§ **Entries supplied**
+++
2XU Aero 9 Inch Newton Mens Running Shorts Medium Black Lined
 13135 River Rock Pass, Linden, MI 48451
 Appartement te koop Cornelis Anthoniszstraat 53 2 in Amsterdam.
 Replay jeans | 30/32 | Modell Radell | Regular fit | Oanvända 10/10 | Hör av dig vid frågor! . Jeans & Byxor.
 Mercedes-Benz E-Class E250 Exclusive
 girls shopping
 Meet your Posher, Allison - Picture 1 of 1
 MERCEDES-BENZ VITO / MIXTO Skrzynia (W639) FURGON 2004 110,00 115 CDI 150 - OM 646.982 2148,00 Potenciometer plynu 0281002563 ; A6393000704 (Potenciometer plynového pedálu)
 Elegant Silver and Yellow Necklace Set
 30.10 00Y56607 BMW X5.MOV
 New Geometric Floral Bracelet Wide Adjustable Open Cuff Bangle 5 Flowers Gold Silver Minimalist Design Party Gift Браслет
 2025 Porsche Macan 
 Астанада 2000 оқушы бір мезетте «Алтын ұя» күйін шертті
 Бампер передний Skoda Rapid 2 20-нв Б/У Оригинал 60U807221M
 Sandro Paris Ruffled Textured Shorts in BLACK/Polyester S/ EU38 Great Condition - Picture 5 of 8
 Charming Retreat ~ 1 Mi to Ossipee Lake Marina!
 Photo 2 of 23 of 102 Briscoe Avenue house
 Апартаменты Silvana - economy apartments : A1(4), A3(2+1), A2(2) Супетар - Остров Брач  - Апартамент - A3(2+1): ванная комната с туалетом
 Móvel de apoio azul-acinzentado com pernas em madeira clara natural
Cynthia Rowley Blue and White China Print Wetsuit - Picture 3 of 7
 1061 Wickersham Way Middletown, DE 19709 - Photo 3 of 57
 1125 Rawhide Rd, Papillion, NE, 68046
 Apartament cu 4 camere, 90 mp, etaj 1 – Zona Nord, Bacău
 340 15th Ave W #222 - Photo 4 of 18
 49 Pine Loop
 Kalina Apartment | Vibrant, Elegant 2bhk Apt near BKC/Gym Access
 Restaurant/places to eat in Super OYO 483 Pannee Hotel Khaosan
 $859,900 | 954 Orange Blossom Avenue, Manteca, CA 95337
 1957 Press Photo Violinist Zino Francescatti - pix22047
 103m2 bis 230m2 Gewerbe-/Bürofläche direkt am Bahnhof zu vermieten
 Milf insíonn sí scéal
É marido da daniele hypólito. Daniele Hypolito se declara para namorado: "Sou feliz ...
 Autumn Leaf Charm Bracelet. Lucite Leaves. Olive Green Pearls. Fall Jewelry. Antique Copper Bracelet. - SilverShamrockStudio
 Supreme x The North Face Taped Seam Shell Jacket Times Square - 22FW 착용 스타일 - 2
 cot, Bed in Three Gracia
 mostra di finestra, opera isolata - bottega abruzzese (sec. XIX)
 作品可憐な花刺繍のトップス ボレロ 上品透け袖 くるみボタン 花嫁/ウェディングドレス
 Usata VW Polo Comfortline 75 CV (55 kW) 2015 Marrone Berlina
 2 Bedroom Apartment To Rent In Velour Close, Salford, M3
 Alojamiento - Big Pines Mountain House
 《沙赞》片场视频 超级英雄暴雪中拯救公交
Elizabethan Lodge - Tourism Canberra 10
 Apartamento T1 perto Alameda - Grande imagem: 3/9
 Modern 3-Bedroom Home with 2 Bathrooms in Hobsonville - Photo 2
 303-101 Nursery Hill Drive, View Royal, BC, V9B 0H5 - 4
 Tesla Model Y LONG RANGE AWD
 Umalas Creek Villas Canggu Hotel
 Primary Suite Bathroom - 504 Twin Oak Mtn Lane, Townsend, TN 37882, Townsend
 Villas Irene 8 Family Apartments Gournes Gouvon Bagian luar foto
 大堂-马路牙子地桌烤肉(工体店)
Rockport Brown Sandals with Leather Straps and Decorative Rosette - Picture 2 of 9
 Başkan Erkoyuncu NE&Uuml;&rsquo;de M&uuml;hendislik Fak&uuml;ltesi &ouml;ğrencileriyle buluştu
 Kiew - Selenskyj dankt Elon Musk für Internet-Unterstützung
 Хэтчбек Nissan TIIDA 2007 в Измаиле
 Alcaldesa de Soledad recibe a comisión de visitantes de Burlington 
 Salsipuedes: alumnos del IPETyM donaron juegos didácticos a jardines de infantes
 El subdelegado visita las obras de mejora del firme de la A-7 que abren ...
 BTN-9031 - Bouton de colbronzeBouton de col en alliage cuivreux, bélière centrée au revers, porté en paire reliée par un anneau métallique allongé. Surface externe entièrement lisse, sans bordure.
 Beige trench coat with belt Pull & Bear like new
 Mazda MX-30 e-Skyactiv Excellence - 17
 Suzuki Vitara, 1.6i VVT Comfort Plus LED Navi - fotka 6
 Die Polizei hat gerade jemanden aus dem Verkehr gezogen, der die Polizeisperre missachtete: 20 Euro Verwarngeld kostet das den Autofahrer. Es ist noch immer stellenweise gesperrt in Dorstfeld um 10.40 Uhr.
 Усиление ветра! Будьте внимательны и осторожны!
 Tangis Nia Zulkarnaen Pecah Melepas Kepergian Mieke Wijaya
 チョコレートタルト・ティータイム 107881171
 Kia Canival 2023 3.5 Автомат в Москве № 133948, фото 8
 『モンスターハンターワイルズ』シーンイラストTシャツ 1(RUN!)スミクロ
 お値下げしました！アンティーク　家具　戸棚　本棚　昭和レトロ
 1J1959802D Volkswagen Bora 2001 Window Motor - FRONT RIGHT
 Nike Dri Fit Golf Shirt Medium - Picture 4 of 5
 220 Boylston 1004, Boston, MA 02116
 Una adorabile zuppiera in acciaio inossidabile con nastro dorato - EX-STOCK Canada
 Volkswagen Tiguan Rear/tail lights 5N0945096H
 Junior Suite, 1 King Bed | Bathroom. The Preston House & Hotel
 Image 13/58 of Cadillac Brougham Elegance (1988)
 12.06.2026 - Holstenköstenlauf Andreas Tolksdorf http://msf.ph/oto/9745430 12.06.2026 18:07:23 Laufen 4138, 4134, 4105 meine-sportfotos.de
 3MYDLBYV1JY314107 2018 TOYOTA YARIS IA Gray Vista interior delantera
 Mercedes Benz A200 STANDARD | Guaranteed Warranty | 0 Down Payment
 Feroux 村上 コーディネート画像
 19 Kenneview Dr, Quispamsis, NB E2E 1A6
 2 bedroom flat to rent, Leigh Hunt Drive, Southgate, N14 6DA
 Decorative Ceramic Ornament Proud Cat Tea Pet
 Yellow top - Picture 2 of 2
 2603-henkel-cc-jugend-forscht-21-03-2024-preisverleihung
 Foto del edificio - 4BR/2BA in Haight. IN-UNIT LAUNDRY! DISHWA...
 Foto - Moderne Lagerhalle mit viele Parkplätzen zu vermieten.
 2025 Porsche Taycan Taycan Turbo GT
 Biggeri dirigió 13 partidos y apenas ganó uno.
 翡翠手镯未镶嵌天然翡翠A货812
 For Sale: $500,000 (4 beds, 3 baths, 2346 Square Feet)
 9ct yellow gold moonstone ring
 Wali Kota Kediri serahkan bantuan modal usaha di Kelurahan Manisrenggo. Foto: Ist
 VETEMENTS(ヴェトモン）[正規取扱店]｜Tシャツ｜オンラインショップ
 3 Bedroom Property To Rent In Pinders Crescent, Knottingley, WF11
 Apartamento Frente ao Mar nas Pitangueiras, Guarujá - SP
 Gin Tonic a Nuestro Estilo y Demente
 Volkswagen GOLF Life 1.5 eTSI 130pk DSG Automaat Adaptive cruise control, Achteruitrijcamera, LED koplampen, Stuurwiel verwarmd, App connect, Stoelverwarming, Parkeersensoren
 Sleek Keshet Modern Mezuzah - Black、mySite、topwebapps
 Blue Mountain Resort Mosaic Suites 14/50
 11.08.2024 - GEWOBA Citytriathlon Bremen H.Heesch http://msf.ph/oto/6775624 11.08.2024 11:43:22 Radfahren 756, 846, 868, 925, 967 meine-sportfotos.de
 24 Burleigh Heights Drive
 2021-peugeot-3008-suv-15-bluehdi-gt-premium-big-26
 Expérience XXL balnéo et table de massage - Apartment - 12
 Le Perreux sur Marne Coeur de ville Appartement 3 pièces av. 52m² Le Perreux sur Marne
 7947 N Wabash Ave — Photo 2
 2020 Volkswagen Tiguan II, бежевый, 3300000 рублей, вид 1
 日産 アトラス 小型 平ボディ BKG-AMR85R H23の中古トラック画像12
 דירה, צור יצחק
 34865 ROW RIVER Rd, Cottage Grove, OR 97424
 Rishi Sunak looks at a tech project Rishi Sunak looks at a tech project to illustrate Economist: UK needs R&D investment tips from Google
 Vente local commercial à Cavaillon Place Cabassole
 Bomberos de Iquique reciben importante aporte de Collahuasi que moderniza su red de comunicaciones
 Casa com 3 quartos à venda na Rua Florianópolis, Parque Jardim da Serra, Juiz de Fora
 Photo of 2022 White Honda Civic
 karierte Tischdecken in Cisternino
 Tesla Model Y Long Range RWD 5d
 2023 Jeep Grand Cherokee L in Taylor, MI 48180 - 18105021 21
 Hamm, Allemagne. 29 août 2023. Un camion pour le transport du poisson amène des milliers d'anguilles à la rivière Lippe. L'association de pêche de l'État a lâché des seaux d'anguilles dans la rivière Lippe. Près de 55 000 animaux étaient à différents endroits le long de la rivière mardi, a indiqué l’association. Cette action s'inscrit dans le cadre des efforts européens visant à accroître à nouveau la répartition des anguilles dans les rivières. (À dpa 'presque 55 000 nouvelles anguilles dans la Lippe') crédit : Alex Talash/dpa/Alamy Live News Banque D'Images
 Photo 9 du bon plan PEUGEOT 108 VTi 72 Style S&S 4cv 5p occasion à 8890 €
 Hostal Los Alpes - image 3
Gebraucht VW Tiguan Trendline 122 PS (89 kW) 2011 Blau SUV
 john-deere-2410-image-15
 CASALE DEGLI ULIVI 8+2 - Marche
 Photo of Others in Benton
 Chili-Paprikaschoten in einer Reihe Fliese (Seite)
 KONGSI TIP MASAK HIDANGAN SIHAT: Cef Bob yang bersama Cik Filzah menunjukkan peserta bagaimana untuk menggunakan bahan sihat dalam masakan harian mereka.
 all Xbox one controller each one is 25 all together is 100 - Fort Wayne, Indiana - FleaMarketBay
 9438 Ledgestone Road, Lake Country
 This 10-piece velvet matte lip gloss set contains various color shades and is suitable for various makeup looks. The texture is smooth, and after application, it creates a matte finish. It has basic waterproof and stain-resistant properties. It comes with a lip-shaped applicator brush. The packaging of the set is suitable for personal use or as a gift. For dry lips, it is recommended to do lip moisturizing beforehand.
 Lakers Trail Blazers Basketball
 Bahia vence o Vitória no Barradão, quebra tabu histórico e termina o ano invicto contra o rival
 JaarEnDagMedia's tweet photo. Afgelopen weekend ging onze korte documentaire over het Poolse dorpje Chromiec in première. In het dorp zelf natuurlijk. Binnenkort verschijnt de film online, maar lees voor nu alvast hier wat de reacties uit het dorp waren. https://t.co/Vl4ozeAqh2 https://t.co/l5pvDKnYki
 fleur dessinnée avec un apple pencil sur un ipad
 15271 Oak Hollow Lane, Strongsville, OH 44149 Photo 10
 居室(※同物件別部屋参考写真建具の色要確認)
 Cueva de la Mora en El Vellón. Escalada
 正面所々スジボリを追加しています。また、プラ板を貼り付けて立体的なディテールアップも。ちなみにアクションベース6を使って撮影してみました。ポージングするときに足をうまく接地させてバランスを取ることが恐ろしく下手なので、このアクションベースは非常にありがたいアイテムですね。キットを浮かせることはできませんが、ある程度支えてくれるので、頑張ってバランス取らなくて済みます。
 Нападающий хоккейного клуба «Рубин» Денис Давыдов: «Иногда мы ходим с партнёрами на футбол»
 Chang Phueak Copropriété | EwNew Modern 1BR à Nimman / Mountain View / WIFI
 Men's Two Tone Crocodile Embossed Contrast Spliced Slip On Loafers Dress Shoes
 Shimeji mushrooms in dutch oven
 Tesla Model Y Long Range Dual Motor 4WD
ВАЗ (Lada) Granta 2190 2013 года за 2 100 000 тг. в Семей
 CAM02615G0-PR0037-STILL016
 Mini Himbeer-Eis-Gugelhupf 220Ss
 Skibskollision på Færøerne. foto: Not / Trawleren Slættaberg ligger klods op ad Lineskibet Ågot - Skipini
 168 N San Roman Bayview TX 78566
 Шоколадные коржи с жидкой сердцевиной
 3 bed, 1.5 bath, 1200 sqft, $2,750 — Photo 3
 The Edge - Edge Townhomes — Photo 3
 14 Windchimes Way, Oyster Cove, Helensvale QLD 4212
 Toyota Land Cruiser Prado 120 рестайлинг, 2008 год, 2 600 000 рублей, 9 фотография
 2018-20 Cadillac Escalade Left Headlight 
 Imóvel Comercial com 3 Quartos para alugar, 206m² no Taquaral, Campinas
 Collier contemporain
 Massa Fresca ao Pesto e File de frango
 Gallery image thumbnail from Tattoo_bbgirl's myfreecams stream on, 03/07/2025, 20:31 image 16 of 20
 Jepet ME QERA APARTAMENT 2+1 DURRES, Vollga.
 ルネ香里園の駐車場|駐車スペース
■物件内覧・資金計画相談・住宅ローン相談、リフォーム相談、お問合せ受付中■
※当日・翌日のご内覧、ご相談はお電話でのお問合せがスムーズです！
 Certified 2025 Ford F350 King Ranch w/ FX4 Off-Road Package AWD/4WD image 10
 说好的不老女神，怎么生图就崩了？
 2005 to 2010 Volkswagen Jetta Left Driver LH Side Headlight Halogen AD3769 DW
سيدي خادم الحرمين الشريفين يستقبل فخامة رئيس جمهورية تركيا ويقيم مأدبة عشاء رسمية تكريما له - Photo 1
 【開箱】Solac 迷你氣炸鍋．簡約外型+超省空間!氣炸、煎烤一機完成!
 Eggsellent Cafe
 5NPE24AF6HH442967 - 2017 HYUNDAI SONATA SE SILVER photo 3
+++
§ **Your instructions**
The expected answer is an exact copy of the lines above, beginning at the line with "Autumn Leaf Charm" and ending at the line with "303-101 Nursery Hill", with both ends in.

§ **Answer to this task**
 Autumn Leaf Charm Bracelet. Lucite Leaves. Olive Green Pearls. Fall Jewelry. Antique Copper Bracelet. - SilverShamrockStudio
 Supreme x The North Face Taped Seam Shell Jacket Times Square - 22FW 착용 스타일 - 2
 cot, Bed in Three Gracia
 mostra di finestra, opera isolata - bottega abruzzese (sec. XIX)
 作品可憐な花刺繍のトップス ボレロ 上品透け袖 くるみボタン 花嫁/ウェディングドレス
 Usata VW Polo Comfortline 75 CV (55 kW) 2015 Marrone Berlina
 2 Bedroom Apartment To Rent In Velour Close, Salford, M3
 Alojamiento - Big Pines Mountain House
 《沙赞》片场视频 超级英雄暴雪中拯救公交
Elizabethan Lodge - Tourism Canberra 10
 Apartamento T1 perto Alameda - Grande imagem: 3/9
 Modern 3-Bedroom Home with 2 Bathrooms in Hobsonville - Photo 2
 303-101 Nursery Hill Drive, View Royal, BC, V9B 0H5 - 4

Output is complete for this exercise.